TCPA Vicarious Liability Passes from Collector Through Servicer to Original Creditor
- Filter By Consumer Finance Litigation
The Ninth Circuit Court of Appeals recently held that an original creditor was liable under the Telephone Consumer Protection Act (TCPA) for calls made by a debt collector with which the creditor had no contractual relationship. In Henderson v. United Student Aid Funds, Inc., Henderson took out student loans ultimately owned by United Student Aid Funds, Inc. (USA Funds). USA Funds contracted with Navient Solutions, Inc. (Navient) to service certain of its loans, including Henderson’s, and Navient, in turn, contracted with various collectors. Henderson alleged that these collectors sent her prerecorded messages in violation of the TCPA and sued those collectors, Navient, and USA Funds. All but USA Funds were dismissed for lack of jurisdiction, and Henderson’s claims against USA Funds depended on establishing vicarious liability on USA Funds for the calls of the collector with whom USA Funds had no contractual relationship.
After first rejecting Henderson’s argument that a 2008 order of the Federal Communications Commission (FCC) created per se liability on USA Funds (and affording that order Chevron deference), the court turned to Henderson’s vicarious liability theory. In doing so, the court started by noting the well accepted state of the law that federal common law agency principles apply to the TCPA in determining whether the acts of third party callers bind the defendant. Ultimately, the court’s ruling hinged on its determination that a party—through ratification—may create an agency relationship where none existed previously. In Henderson, the court determined that “a reasonable jury could find that USA Funds ratified the debt collectors’ calling practices by remaining silent and continuing to accept the benefits of the collectors’ tortious conduct despite knowing what the collectors were doing or, at the very least, knowing of facts that would have led a reasonable person to investigate further.”
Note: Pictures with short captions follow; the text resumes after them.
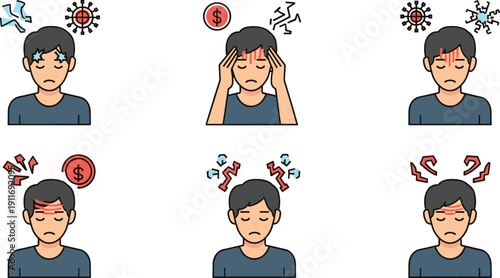 Mental Health and Stress Vector Illustration Set Featuring Man with Headache Anxiety Symptoms Financial and Health Worries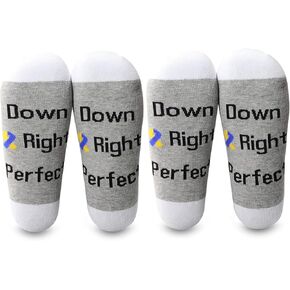 LEVLO Down Syndrome Awareness Socks Down Right Perfect Cotton Socks Proud Mom Gift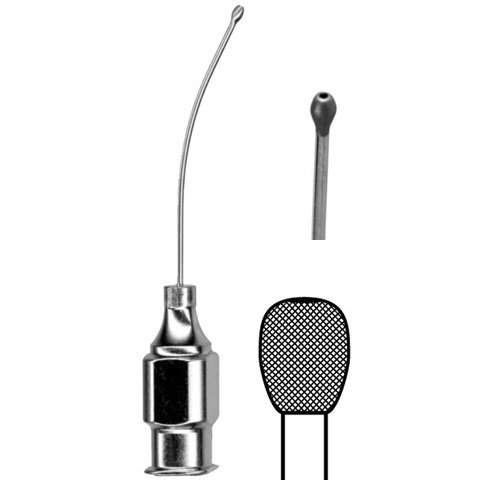 Jensen Capsule Polisher Cannula, 27 gauge, Posterior Sandblasted, 1.0mm Olive Tip, Curved, Stainless Steel, Length 28mm (excluding Hub)
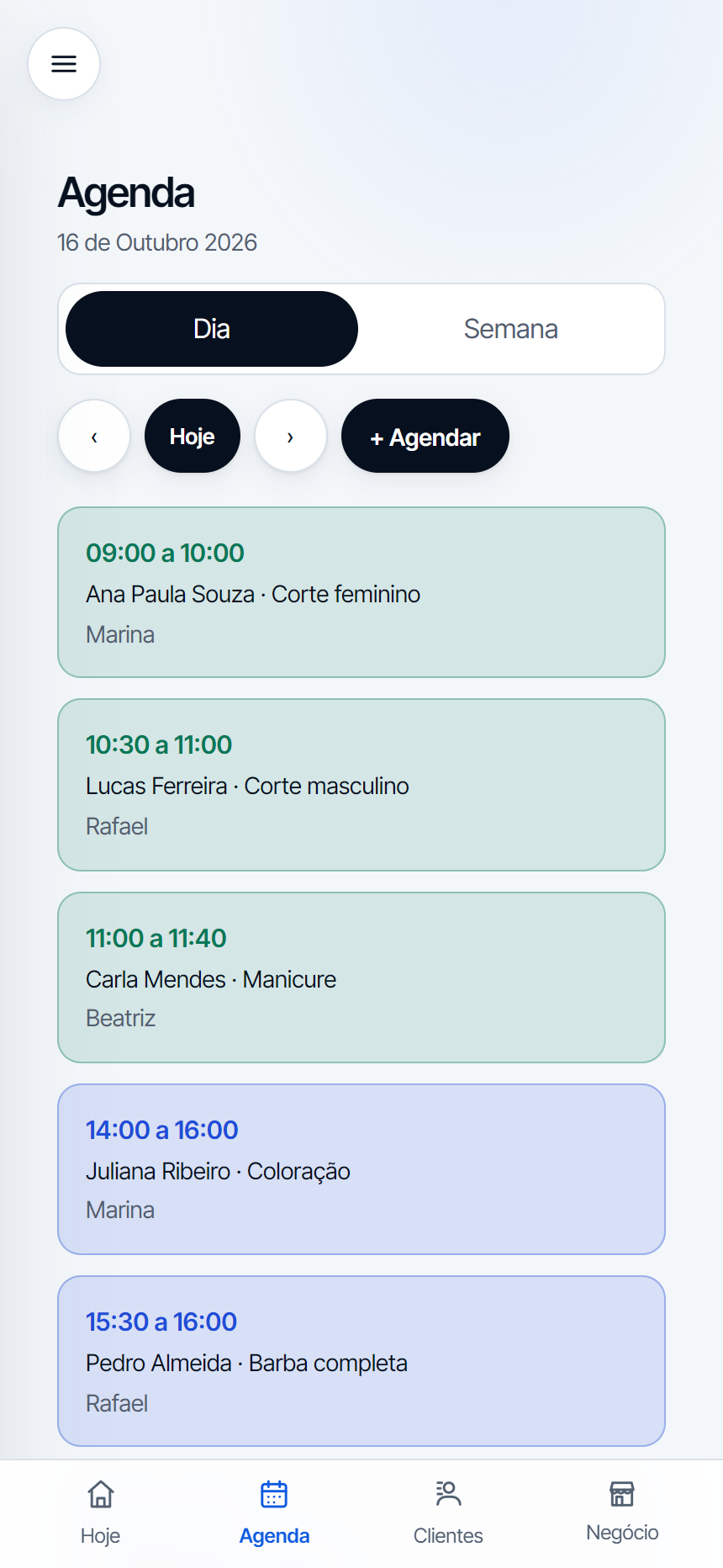 Agenda Screen in AGTGestor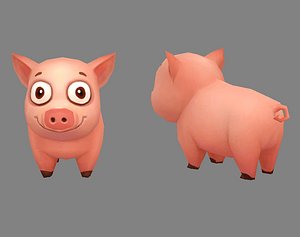 Cartoon piggy 3D model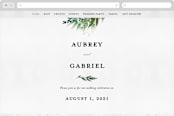 "Mixed Greenery" - Wedding Website in Emerald by Susan Moyal - Desktop Design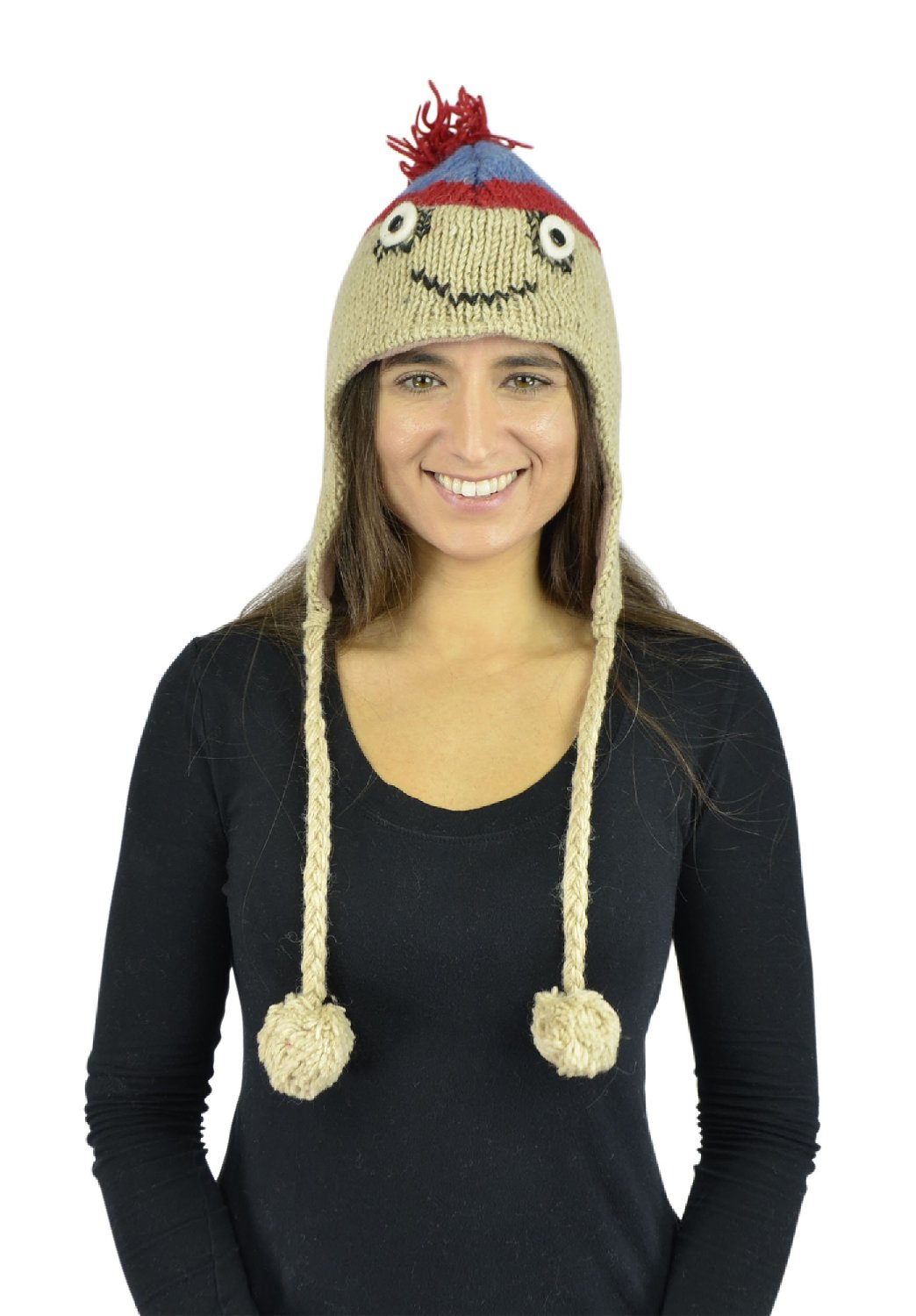 Belle Donne - Unisex Winter Knit Atan Animal Hats With Pom Pom - Tan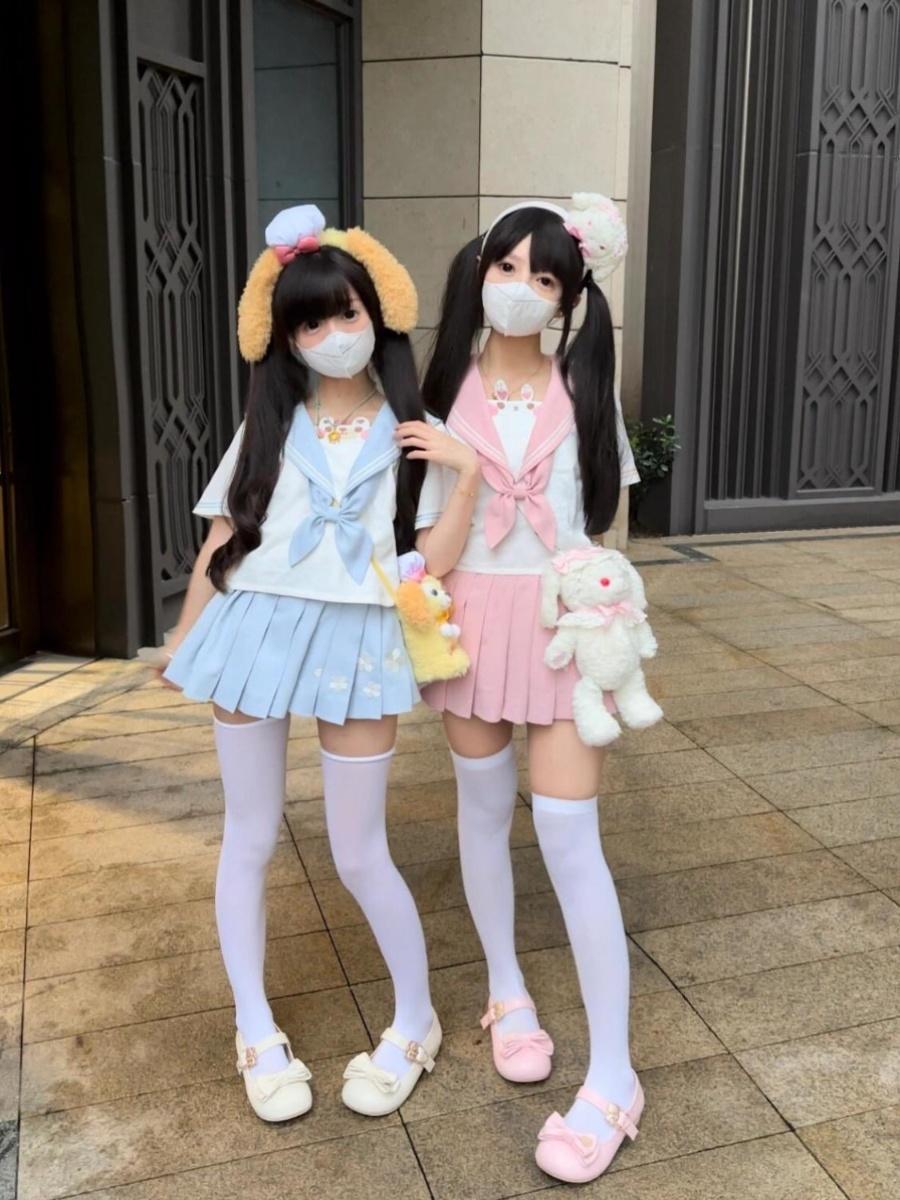 ロリータ コスプレ キャンパス風 JK 制服 セーラー服 海軍領 プリーツ 夏日 三点セット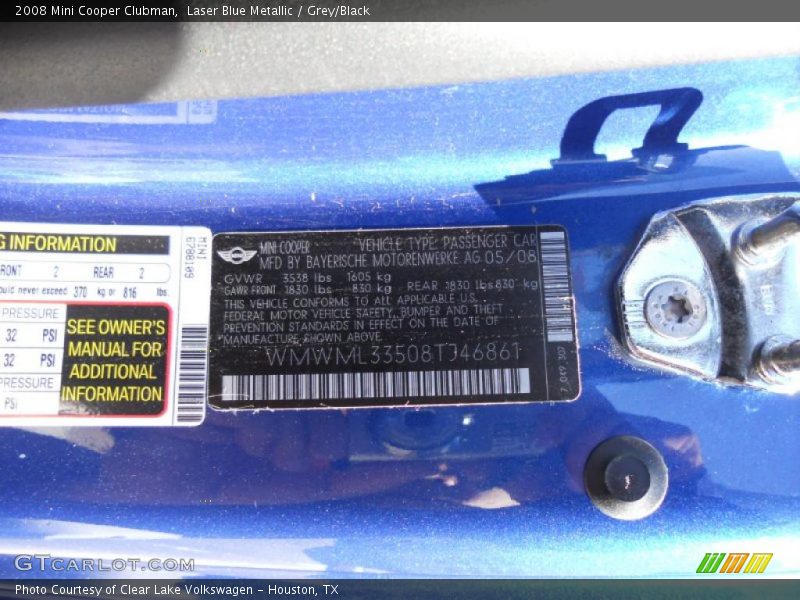 Laser Blue Metallic / Grey/Black 2008 Mini Cooper Clubman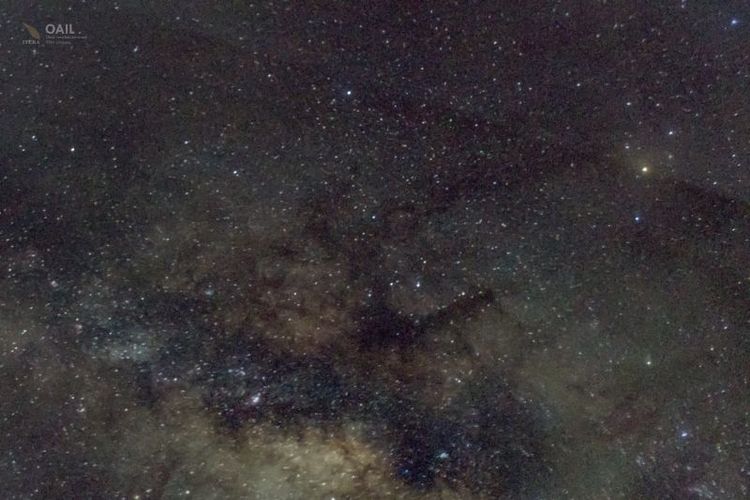 Gambar galaksi Bima Sakti yang diabadikan oleh Observatorium Astronomi Itera Lampung (OAIL) Institut Teknologi Sumatera (Itera) saat blackout pada 4-5 Juni 2024, di Bandarlampung. 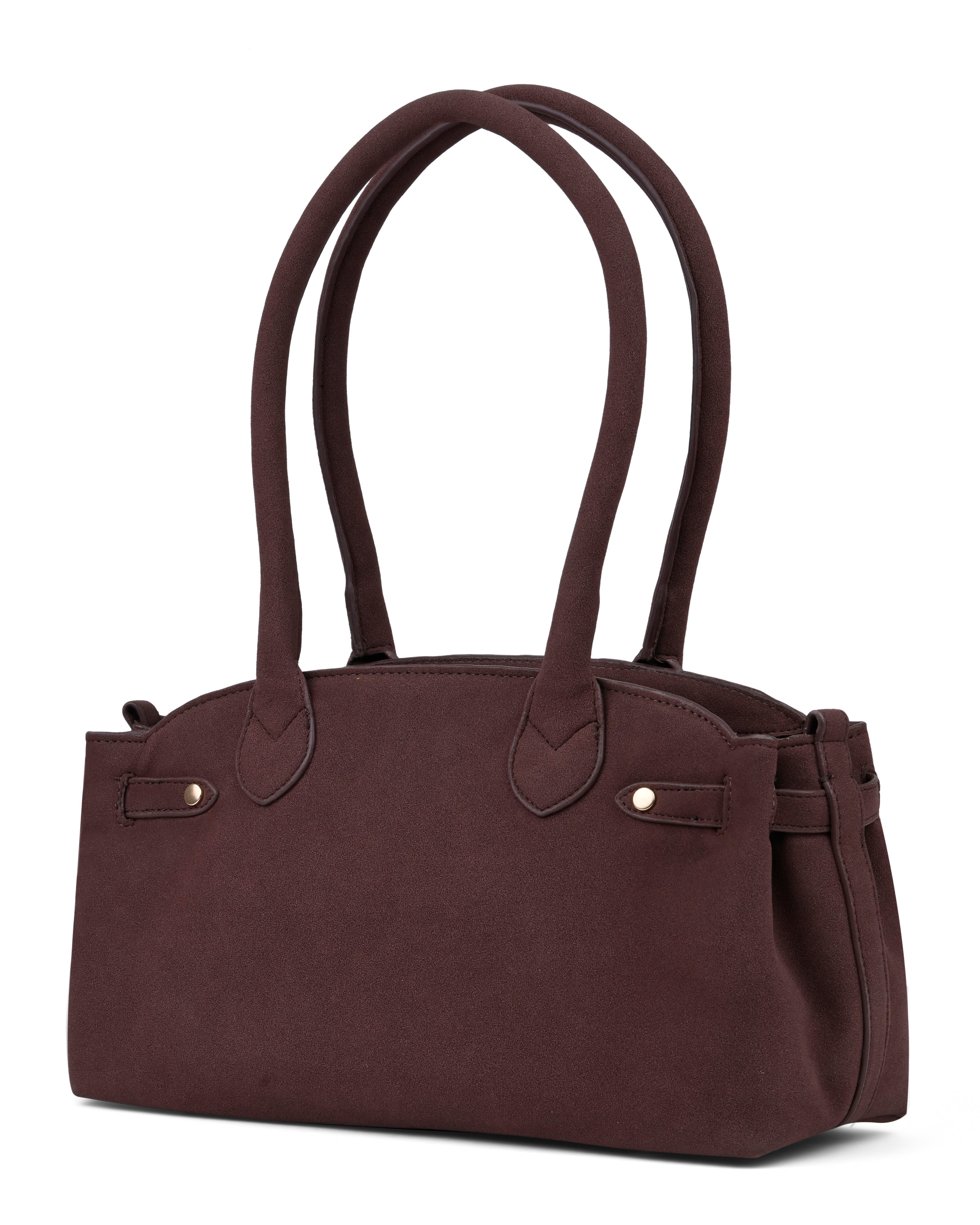 StyleShoot's Classic City Shoulder Bag in Chocolate Brown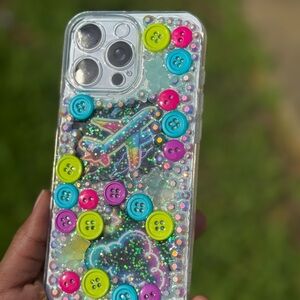 Colorful Custom Junk Button and Plane Design iPhone 16 Pro Max Case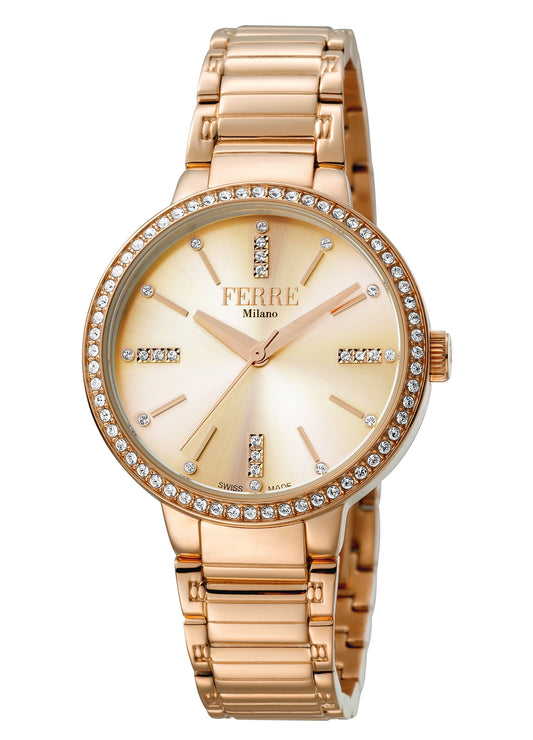 title:Ferre Milano Women's Donna Giada 34mm Quartz Watch FM1L084M0081;color:Gold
Toeing the line between control and willful ignorance with independent contractors and third party vendors can be difficult. Henderson shows that attempting to insulate oneself through a servicer will not suffice and that lack of contractual relationship or a facially direct relationship cannot avoid vicarious liability for TCPA suits. Ultimately, every caller should vet vendors and servicers thoroughly and never ignore non-compliant practices.